This book is dedicated to Jesus Christ, and the likeness of him in all of us.
Contents
Foreword
Introduction
Chapter 1 The Power of the Jesus Prayer
Chapter 2 The Living Tradition of the Jesus Prayer
The Monasteries of St. Antony and St. Catherine
Chapter 3 The Life-Transforming Power of One Brief Prayer
Chapter 4 The Jesus Prayer on the Holy Mountain
The Monasteries of Mount Athos
Chapter 5 The History of the Jesus Prayer
Chapter 6 The Jesus Prayer in the Painted Churches of Romania
Photographic Insert
Chapter 7 Following the Jesus Prayer into the Caves of Kiev
Chapter 8 The Jesus Prayer amid the Grandeur of Russia
Epilogue
Suggested Reading
Searchable Terms
Acknowledgments
About the Author
Credits
Copyright
About the Publisher
Foreword
IT IS WITH SPIRITUAL DELIGHT that we welcome and introduce this book on the living tradition and profound Mysteries of the Jesus Prayer, as preserved and practiced in Orthodox monasteries today throughout the world.
Many centuries ago, in fourth-century Constantinople, a monastery was established, which came to be known as the community of the sleepless ones
(or Akoimetoi), since worship and contemplation continued there without interruption all day and night. Orthodox Christian monasteries have always aspired to be places of fervent and ceaseless prayer. People have visited such places in order to discover men and women of prayer and holiness. And the Jesus Prayer has become established in Orthodox Christianity as a unique symbol of intense and unceasing prayer. It is the silent prayer of the heart, the living seed of all spiritual life and theological thought.
Nonetheless, for St. Basil the Great in fourth-century Cappadocia, the monastic way is nothing more than the life according to the Gospel.
Everyone is invited to respond to the call of Christ; monks and nuns simply realize this goal in a unique way. Similarly, the Jesus Prayer has its roots in Scripture, particularly in the exhortation of St. Paul to pray without ceasing
(1 Thess. 5:17) Thus, the mysteries of the Jesus Prayer are not the privilege of a few, but the vocation of all.
Moreover, prayer is a relationship word; it can never be thought of in abstraction, isolated from others or from God. Unfortunately, we have reduced prayer to a private act, an occasion for selfish concern or complaint. Yet prayer is never exclusive or divisive; it is inclusive and caring. Authentic prayer is never self-serving or self-complacent; it involves a sense of compassion for all people and all creation.
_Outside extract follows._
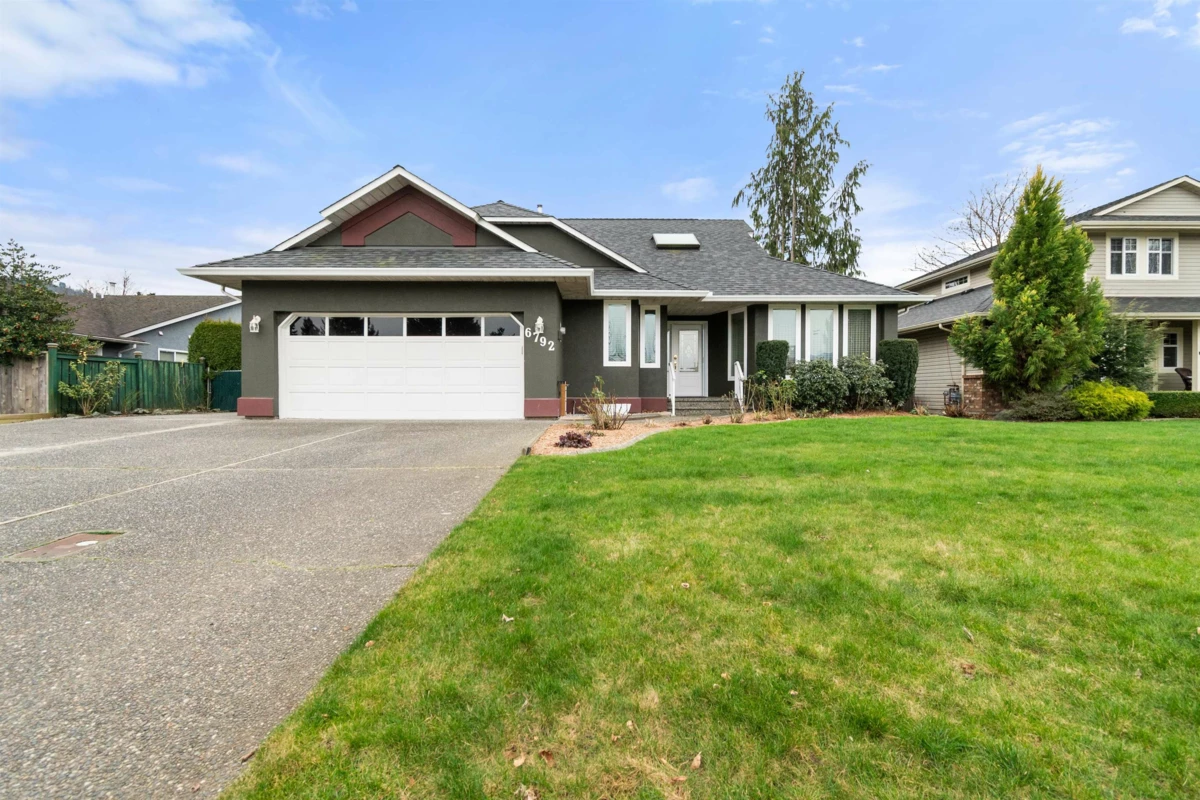 Exterior Front Photo of 6792 Henry Street, Chilliwack, BC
The whole Orthodox understanding, discipline, and teaching about prayer may be condensed into the short formula commonly known as the Jesus Prayer.
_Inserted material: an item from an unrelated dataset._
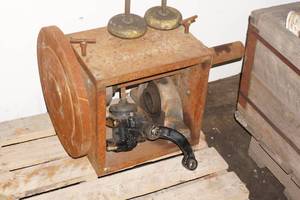 lot 173 image: Industrial Crank Hub and Parts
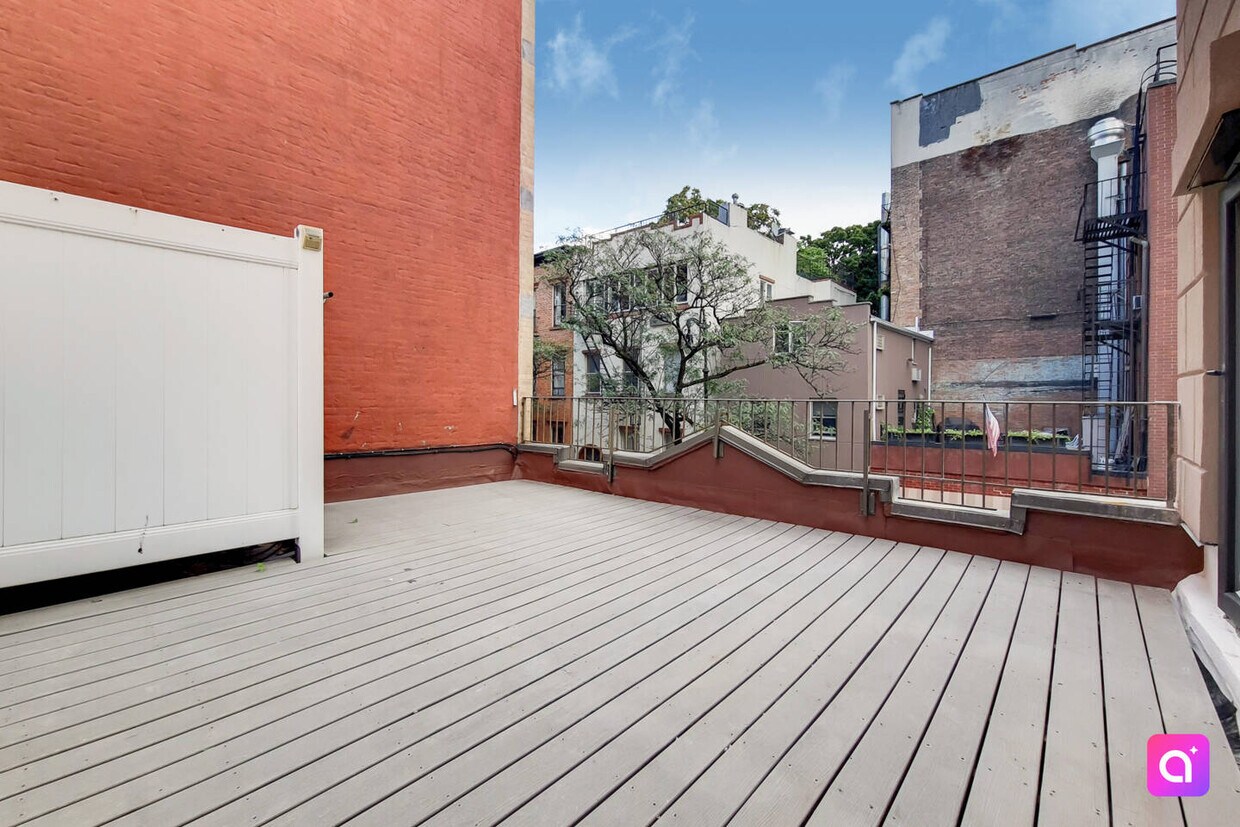 Foto principal - 37 1/2 Bedford St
It is a prayer solemnized in the classic writings of The Philokalia and popularized through such contemporary works as The Way of a Pilgrim, an anonymous nineteenth-century story of a Russian wanderer, and J. D. Salinger’s mid-twentieth-century stories from The New Yorker, published separately under the title Franny and Zooey.
Lord Jesus Christ, Son of God, have mercy on me.
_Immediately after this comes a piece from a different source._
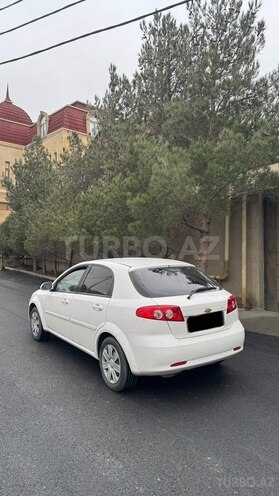 Chevrolet Lacetti-3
This brief prayer is a simple prayer and not a complicated exercise. The Jesus Prayer can be used by everyone as a concise, arrow-prayer that leads directly from our heart to the heart of God via the heart of the world. It is the realization—beyond the recitation of conventional prayers—of the power of silence. For when prayer culminates in silence, we awaken to new awareness. Then, prayer becomes a way of noticing more clearly and responding more effectively to the world within us and around us.
May this book open up the blessings and mysteries of the Jesus Prayer
to a wide number and range of people.
—BARTHOLOMEW
Archbishop of Constantinople, New Rome,
and Ecumenical Patriarch
Photo by Norris J. Chumley
The Vatopedi fathers on Mount Athos sing the Holy Liturgy as the thousand-year-old katholikon (or primary church) is illuminated by the morning’s first light.
Introduction
LYING ON MY DESK within easy reach is a small circlet of leather with a leather cross dangling from it. Woven into the circlet are one hundred wooden dowels. This object is a lestovka (or ladder
), the traditional prayer rope of Ukrainian and Russian Orthodox Christians. It was given to me by Father Paisij, a monk and deacon of the St. Jonas Monastery in Kiev, Ukraine. My friend Father John McGuckin tells me that my lestovka is very old, very rare.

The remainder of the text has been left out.